Development and validation of a risk prediction model for patients with hepatocellular carcinoma receiving atezolizumab-bevacizumab

Background & Aims: Atezolizumab plus bevacizumab (AB) has become the standard first-line treatment for advanced hepatocellular carcinoma (HCC). However, identifying reliable prognostic biomarkers remains a critical challenge. We aimed to develop a comprehensive scoring system to predict overall survival (OS) in advanced HCC patients receiving first-line AB. Approach & Results: We included patients with advanced HCC receiving first-line AB from multiple centers in Korea, forming a derivation cohort ( n =456) and a validation cohort ( n =205). Multivariable analysis identified five independent prognostic factors: C-reactive protein ≥1.0 mg/dL (hazard ratio [HR] 2.07; p <0.001), albumin <3.5 g/dL (HR 1.60; p =0.002), protein induced by vitamin K absence or antagonist-II ≥1,500 mAU/mL (HR 1.60; p =0.002), total bilirubin ≥1.0 mg/dL (HR 1.50; p =0.006), and macrovascular invasion (HR 1.49; p =0.009). We developed the CRAPT-M model named after these factors’ initial letters. Patients were categorized into low (≤4), intermediate (5-12), and high (≥13) risk groups by CRAPT-M score.

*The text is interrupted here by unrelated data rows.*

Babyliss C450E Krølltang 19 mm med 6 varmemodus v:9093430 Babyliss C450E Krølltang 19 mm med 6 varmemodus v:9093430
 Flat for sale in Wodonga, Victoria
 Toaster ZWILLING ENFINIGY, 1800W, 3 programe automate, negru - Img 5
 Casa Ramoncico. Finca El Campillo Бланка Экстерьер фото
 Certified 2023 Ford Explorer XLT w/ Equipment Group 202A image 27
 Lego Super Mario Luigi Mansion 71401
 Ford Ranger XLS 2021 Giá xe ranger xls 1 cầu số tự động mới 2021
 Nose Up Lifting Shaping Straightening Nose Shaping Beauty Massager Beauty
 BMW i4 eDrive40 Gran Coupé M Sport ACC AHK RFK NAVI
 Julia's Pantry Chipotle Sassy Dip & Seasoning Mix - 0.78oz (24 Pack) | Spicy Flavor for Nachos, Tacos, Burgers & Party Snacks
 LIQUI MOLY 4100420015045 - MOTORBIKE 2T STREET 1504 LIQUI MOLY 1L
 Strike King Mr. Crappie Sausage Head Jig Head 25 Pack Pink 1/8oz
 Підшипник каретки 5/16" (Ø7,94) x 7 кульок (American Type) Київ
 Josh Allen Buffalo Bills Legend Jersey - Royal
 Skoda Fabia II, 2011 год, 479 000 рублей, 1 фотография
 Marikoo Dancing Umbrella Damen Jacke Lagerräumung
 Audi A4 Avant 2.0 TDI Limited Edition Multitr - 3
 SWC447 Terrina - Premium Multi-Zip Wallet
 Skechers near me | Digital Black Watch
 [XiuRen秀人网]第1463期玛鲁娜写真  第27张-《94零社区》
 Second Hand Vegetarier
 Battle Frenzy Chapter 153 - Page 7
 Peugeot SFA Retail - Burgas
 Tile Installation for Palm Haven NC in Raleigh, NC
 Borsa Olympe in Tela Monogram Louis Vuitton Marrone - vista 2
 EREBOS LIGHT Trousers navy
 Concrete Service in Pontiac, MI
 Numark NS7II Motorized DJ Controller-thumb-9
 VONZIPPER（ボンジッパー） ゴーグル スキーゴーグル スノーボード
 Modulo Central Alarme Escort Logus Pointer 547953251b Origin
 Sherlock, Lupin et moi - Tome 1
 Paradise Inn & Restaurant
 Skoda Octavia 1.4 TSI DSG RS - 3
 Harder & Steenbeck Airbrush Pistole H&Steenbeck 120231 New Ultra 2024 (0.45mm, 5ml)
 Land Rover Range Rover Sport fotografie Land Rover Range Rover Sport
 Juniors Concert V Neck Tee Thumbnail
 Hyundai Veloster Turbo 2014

Median OS differed significantly: 22.4 (95% CI, 18.6-25.0), 12.9 (95% CI, 8.7-14.8), and 6.7 (95% CI, 5.1-7.7) months for low-, intermediate-, and high-risk groups, respectively ( p <0.001). Time-dependent area under the receiver operating characteristic for CRAPT-M demonstrated consistently higher predictive accuracy than the CRAFITY model, with values of 0.785, 0.737, and 0.742 at 12, 24, and 36 months, respectively. The model demonstrated robust predictive performance in external validation cohort, with excellent calibration and consistent discrimination across sensitivity analyses. Conclusions: The CRAPT-M model demonstrated robust OS prediction, offering a valuable tool for prognosis estimation and clinical decision-making in advanced HCC patients receiving AB.